If you have ever pondered your own mortality, you have probably fantasized about all the things you would say, see, and eat just before shuffling off that mortal coil. Fate doesn’t give most of us the chance to execute these designs, but that shouldn’t stop us from imagining the perfect final repast. To inspire your morbid culinary musings, here are my Top Five Greatest Last Meals consumed by some of our dearly (and not-so-dearly) departed.
5. Lobster Tail, Butterfly Shrimp, Baked Potato, and Strawberry Cheesecake
Apparently convicted murderers can be foodies too. Eschewing other more plebian (and otherwise popular) final food requests like hamburgers, fried chicken, and ice cream, Ronnie Lee Gardner dined on surf ‘n’ turf plus some all-American dessert just before his execution. I am guessing death by firing squad didn’t aid in his digestion.
4. French Onion Soup
The American queen of French cookery, Julia Child said her final “bon appétit” over a bowl of soupe à l’oignon gratinée at the very ripe old age of 91. The spry and ever fastidious Child probably grated the swiss and parmesan cheese by hand for this savory soup, and, I hope, snuck herself a few final nips of cognac.
He wrote well. He ate well. A few hours before committing suicide, Ernest Hemingway had his final meal of meat and potatoes while dining with friends at the Christiania restaurant in Ketchum, Idaho. Here’s also to menu substitutions: The famed novelist supposedly requested a Caesar salad instead of boring mixed greens.
2. Bread and Wine
The original Last Supper, hosted by Chef J.C., otherwise known as the Son of God. Simple, satisfying, and, dare I say, divine? (Oh, come on. You knew that was coming.)

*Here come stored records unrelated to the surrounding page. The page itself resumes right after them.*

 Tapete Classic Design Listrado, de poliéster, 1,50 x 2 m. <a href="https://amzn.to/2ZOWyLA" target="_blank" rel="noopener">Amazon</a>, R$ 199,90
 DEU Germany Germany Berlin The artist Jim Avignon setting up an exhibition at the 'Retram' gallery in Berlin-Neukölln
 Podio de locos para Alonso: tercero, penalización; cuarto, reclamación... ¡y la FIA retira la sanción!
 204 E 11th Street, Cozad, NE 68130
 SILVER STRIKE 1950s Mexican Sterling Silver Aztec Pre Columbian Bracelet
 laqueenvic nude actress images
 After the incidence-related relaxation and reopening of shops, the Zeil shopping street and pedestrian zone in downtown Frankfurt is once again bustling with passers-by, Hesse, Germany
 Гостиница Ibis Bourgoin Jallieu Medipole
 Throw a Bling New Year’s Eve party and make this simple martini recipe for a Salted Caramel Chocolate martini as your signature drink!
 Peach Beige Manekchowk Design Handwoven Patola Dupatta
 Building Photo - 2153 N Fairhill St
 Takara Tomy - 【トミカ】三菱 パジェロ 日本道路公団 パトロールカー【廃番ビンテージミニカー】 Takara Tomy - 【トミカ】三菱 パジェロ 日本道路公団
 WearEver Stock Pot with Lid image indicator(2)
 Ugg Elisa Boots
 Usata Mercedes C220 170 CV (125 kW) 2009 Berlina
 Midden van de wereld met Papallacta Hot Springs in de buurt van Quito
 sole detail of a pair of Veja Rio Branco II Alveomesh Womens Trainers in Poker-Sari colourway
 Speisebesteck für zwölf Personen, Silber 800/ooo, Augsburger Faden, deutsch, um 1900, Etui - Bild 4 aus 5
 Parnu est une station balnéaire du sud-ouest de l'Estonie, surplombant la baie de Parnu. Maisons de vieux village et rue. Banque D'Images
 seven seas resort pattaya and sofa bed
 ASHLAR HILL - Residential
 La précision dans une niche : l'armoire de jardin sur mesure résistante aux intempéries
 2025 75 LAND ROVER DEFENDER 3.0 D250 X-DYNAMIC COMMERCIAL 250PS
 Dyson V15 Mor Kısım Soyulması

1. Consommé Olga, Poached Salmon with Mousseline sauce, Lamb with Mint Sauce, Roast Duck with Apple Sauce, Sirloin of Beef with Chateau Potatoes, Stuffed Summer Squash, Creamed Carrots, Green Peas, Foie Gras, Waldorf Pudding, Chocolate and Vanilla Éclairs, Peaches in Chartreuse Jelly, and Ice Cream
So read the dinner menu for the first-class passengers of the R.M.S. Titantic the night it struck an iceberg. Unlike the poor fools in steerage who probably choked down stale biscuits just before putting on their life jackets, these lucky bastards plunged into the icy depths stuffed with haute cuisine. At least rich and poor alike were able to wait the requisite hour-after-eating to swim, as the ship didn’t sink until around 2 a.m. the next morning.